Democrats face long odds and a map that's stacked against them in their quest to regain the House majority. But GOP Rep. Dan Benishek’s retirement last week highlighted the sort of conservative-tilting district that Democrats need to capture to take back power in Congress.
Benishek’s seat in Michigan’s Upper Peninsula was a Democratic stronghold for nearly two decades, when Rep. Bart Stupak held the seat and nearly always won reelection easily. But Benishek captured it when Stupak retired in 2010, and he held it in a tough race as Mitt Romney carried the district’s votes in 2012.
Now, Benishek’s retirement gives Democrats their best opportunity yet to expand back into Northern Michigan. It’s one they need: Democrats are 30 seats shy of the House majority, but House Republicans hold only 26 seats that President Obama carried. Democrats have to expand back into more conservative-leaning territory in order to win the House. That’s part of the reason why analysts say such an outcome is so unlikely in 2016, but it’s also why the party is preparing to focus on the race to replace Benishek.
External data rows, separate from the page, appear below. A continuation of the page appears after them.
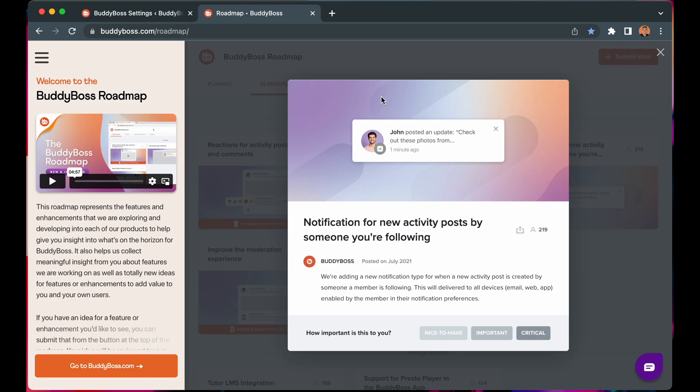Please note that this feature will be applied to both the BuddyBoss web and app.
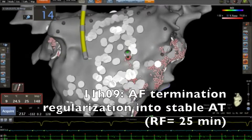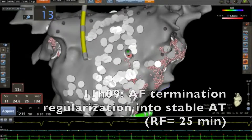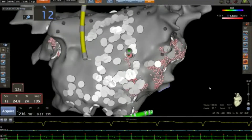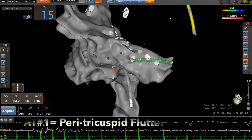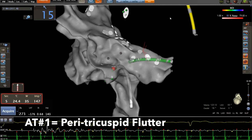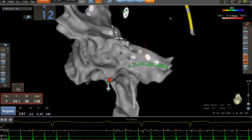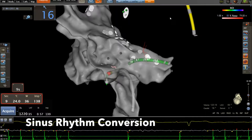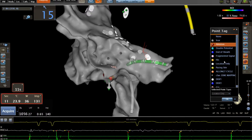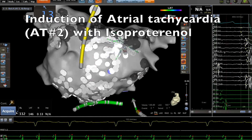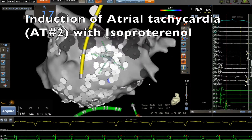After 25 minutes of radiofrequency, we organized AFib into a stable tachycardia. This atrial tachycardia was a peri-tricuspid flutter that we ablated and restored sinus rhythm. Then we induced another stable tachycardia.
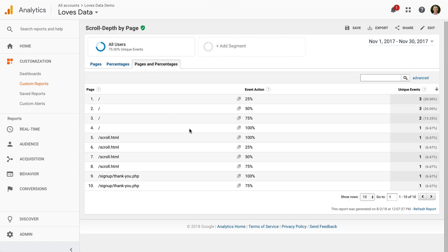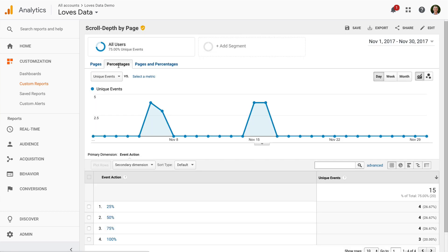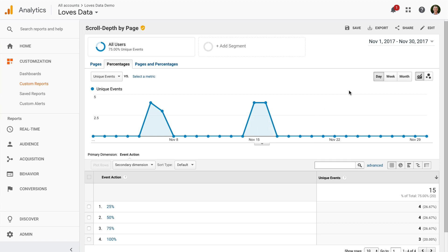To begin using the report, I recommend starting with the percentages tab to understand your most engaging content based on scroll depth. I also want to highlight that you can tweak this report further. For example, you might want to only focus on pages where people scroll at least 75% of the content.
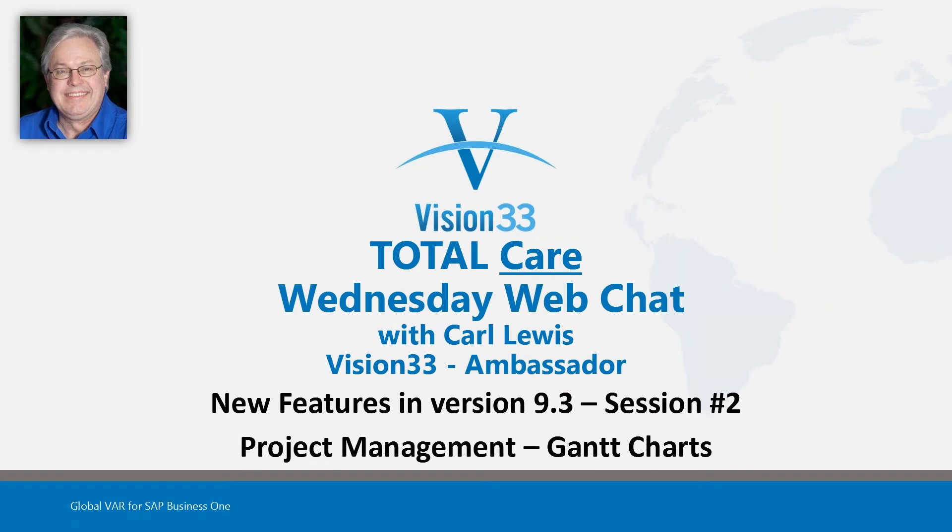Good morning. Welcome to Wednesday Web Chat. This is Carl Lewis, your host, coming to you live today from St. Louis, Missouri.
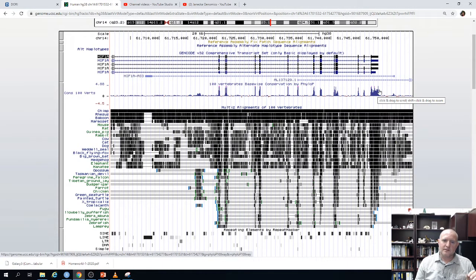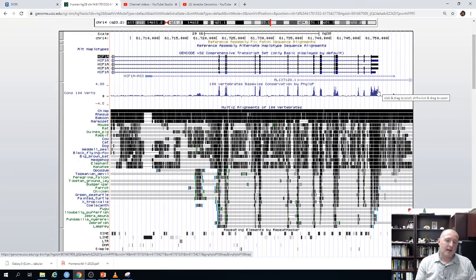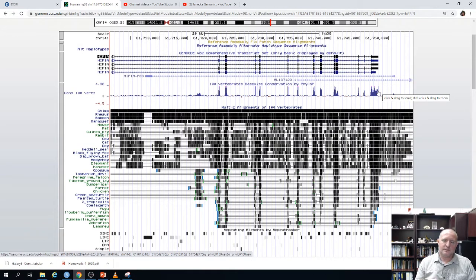However, there are parts of the untranslated regions that actually are conserved. Even within the UTRs, the sequence tends to be more conserved than introns, because there are shorter sequences in those untranslated regions that are really critical for function — probably regulation and expression patterns. Therefore, mutations in those areas are not tolerated very much.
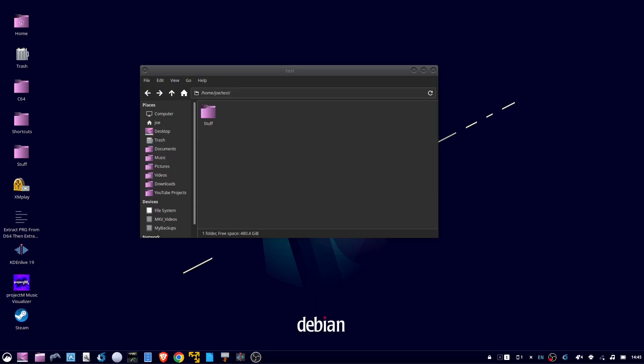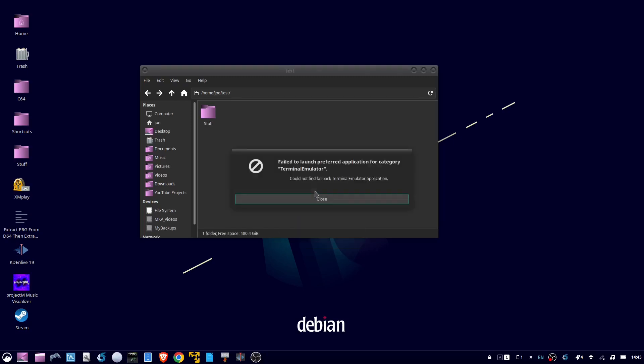When I right-click in Thunar and try to select open terminal here, I get the failed to launch preferred application error, could not find fallback terminal emulator.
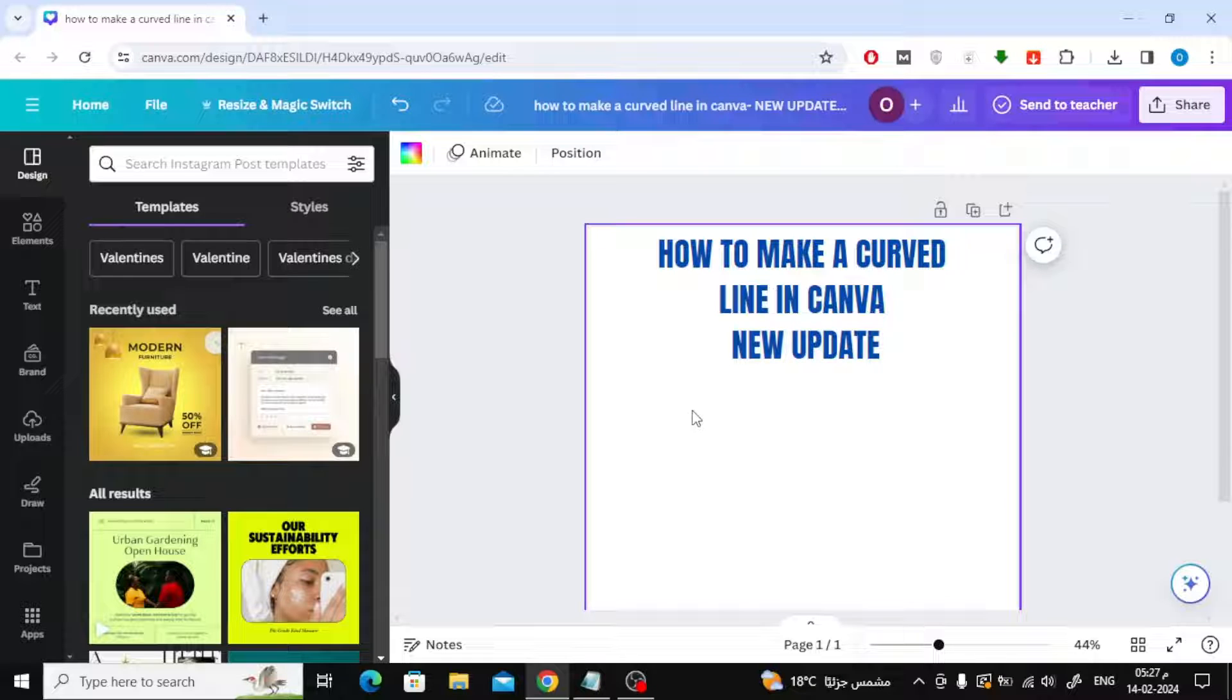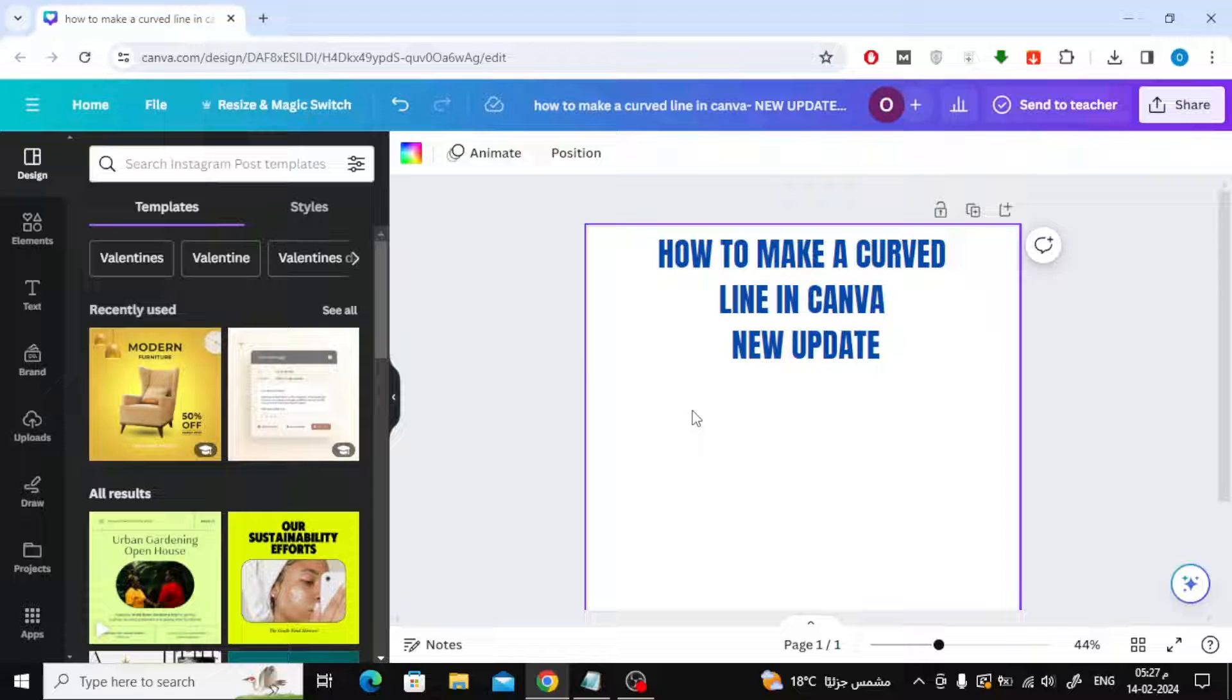Today we will explain how to make a curved line in Canva. Canva has added a new feature that was not previously present, which is the curved line option.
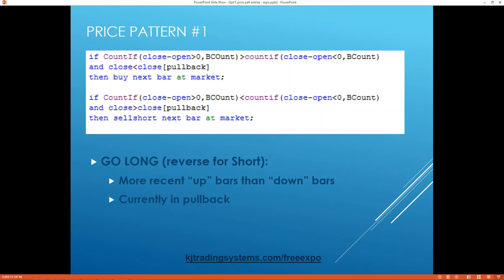I'm going to talk about five price patterns. I'm going to show you code that's in TradeStation, describe what I'm doing, show you some results and how I got there, and some markets — and I'm going to do that for each of the five. So you're going to see the same structure five times; it's just going to be a different pattern.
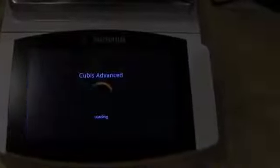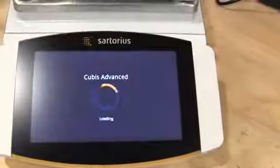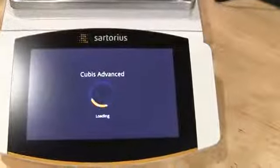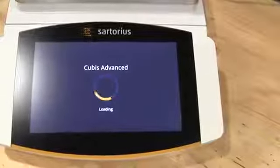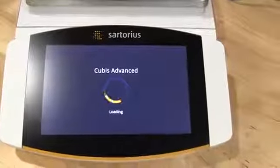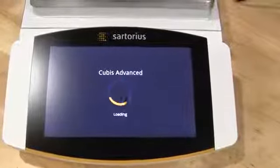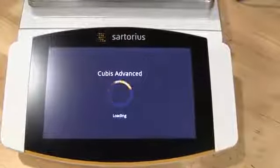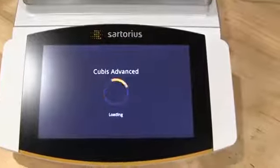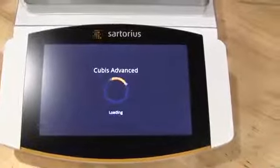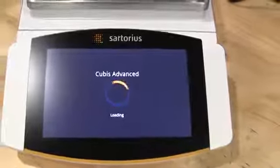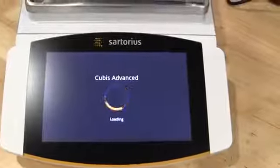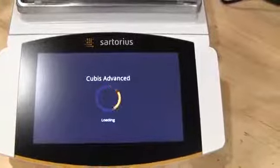Sartorius does offer a service where they'll come on-site and do an IQOQ. That's all an additional cost and expense. This really isn't a balance to buy, get delivered, and set up on your own unless you have a lot of experience using, especially the Sartorius line.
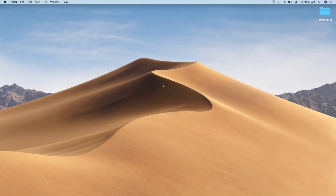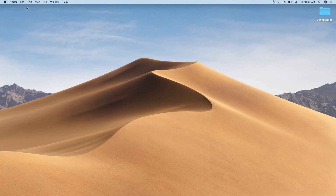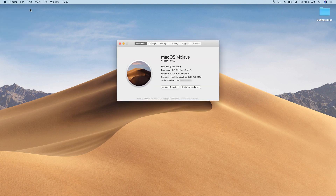If your computer is able to turn on, the easiest way to locate this is to click on the Apple logo on the top left corner of your screen and select the option labeled About This Mac. A window will pop up containing some very useful information, most important of which is the device's serial number located near the bottom.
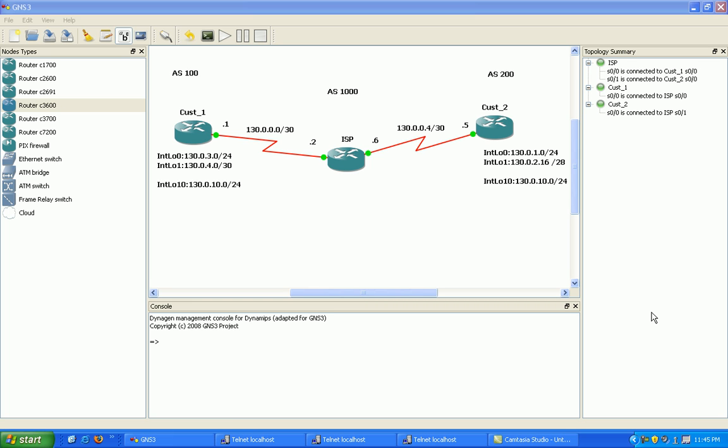Whereas in an access list, one statement has to match the bit length exactly with the wildcard mask, but in a prefix list, we can match several different subnets within one statement.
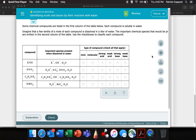I've got a couple students that are working on this topic right now, so let's do one together. Identifying acids and bases by their reaction with water. Let's read the question.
Democrats are already coalescing around a favored candidate: former state party chairman Lon Johnson, who has been endorsed by Michigan’s Democratic members of Congress and whose wife, Julianna Smoot, was a deputy campaign manager and high-powered fundraiser for President Obama. Democrats’ 2014 candidate, Jerry Cannon, is running again, but the Democratic Congressional Campaign Committee has repeatedly singled out Johnson for praise, though he is not from the district. Johnson has a home in the area, but the GOP has tagged him as a carpetbagger.